Wer über das Design von Stühlen nachdenkt, kommt an den Klassikern nicht vorbei. Besonders die Thonet-Stühle gelten als Geburtsstunde des modernen Industriedesigns.
Das Verfahren des Holzbiegens über Dampf ermöglichte eine neuartige Ästhetik verbunden mit einer effizienteren Materialnutzung. Platzsparend zerlegt im Karton, wurden die Stühle in die ganze Welt verschifft. Bis heute haben sie nichts von ihrer Aktualität verloren, werden immer noch produziert und verkauft, und gleichzeitig im Museum gezeigt. Erst kürzlich hat der Bugholzstuhl No. 214 mit der Sitzfläche aus dem für Thonet typischen Wiener Geflecht einen Design-Nachhaltigkeitspreis erhalten. Die Jury bewertete Ressourceneffizienz, Umweltverträglichkeit und faire Lieferketten sowie die gestalterische Qualität, Ästhetik und Funktionalität der Einreichungen. Und das war nicht der einzige Wegbereiter von Thonet. Ende der 1920-er Jahre begann man mit gebogenem Stahlrohr zu arbeiten und fertigte bald die ersten Freischwinger. Bis heute werden Modelle überarbeitet und neu geschaffen.

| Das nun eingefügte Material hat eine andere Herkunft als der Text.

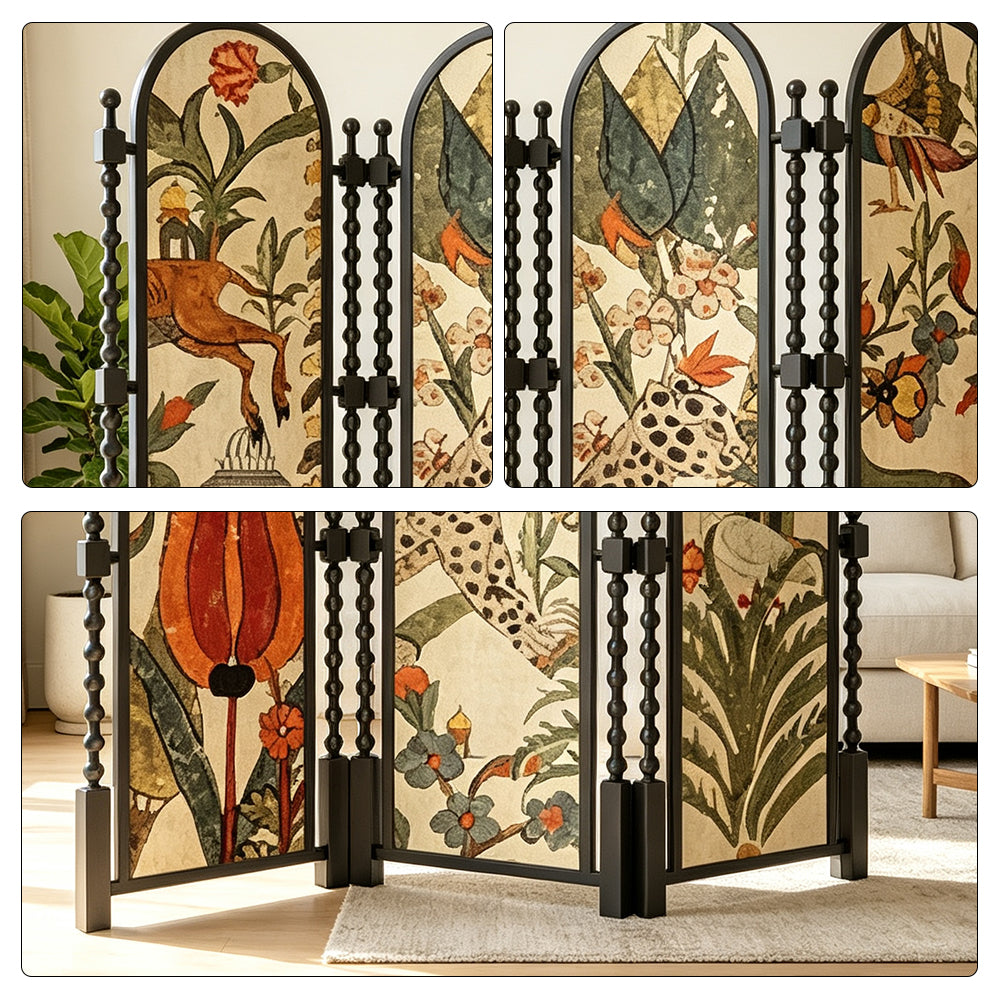 LUXORA 3 Panel Golden Walnut Wood Folding Room Divider with Arched Botanical Print for Living Room Bedroom - Walnut & Multicolour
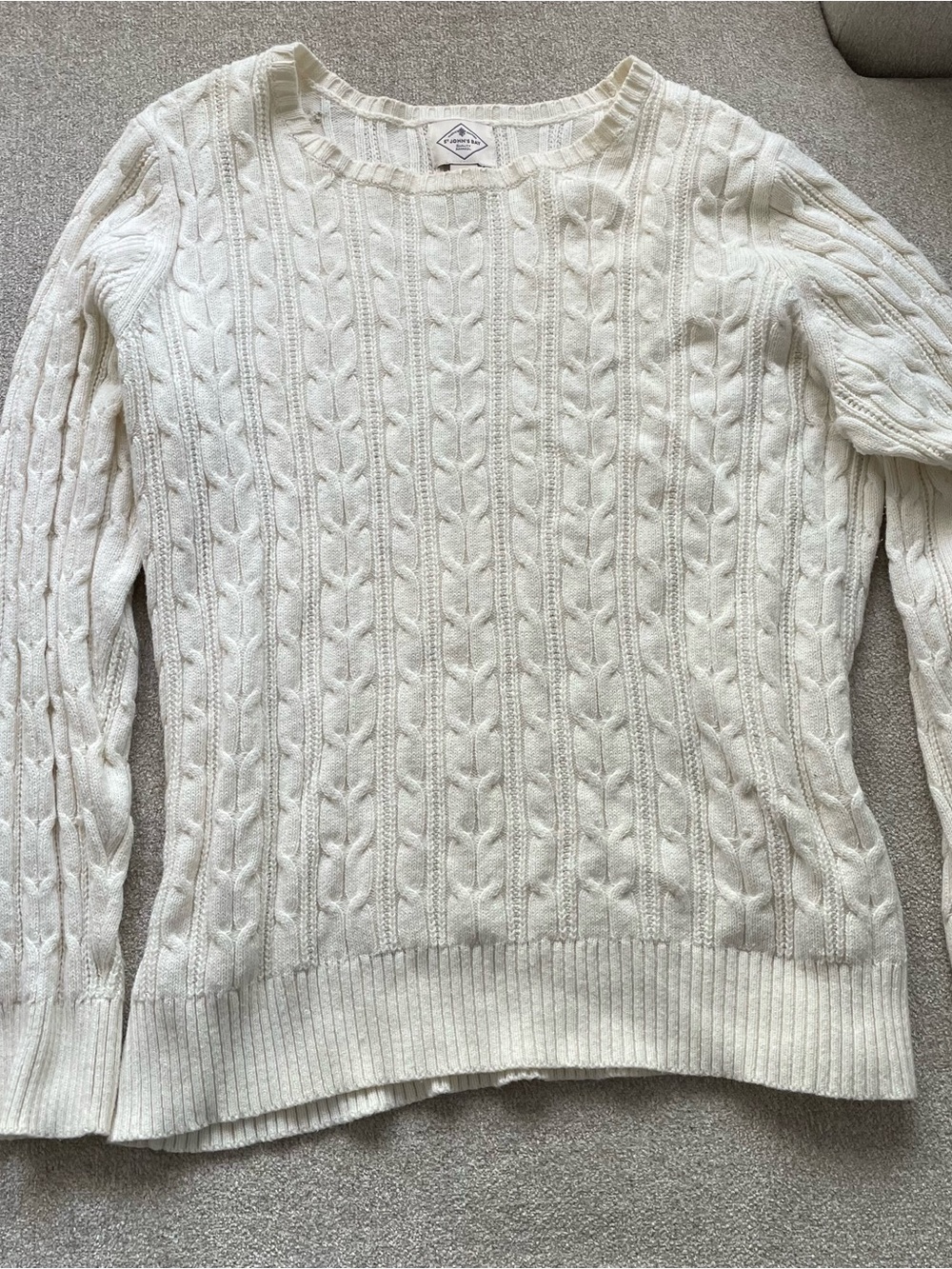 St. John’s Bay Cream Cable-Knit Crewneck Sweater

Neue Materialien, neue Möglichkeiten
Ende der 1940er-Jahre folgte die nächste Materialrevolution, die Designer zum Experimentieren einlud: Kunststoff. Charles Eames entwarf für seinen Eames-Chair eine organisch geformte Sitzschale in einem einzigen Stück – glasfaserverstärkter Kunststoff machte es möglich. Zwanzig Jahre später setzte Verner Panton seinen berühmten Freischwinger um. Beide in Zusammenarbeit mit dem Schweizer Möbelhersteller Vitra. „Die Rollenverteilung ist nicht die des Auftraggebers und Auftragnehmers. Zwei Unternehmer – der Designer und Vitra – suchen gemeinsam nach der besten Lösung. Unsere Aufgabe ist dabei, das stimulierende Umfeld, die technische Unterstützung, die gute konzeptionelle Diskussion und die konstruktive Kritik zu bieten“, so die Unternehmens-Philosophie der Schweizer.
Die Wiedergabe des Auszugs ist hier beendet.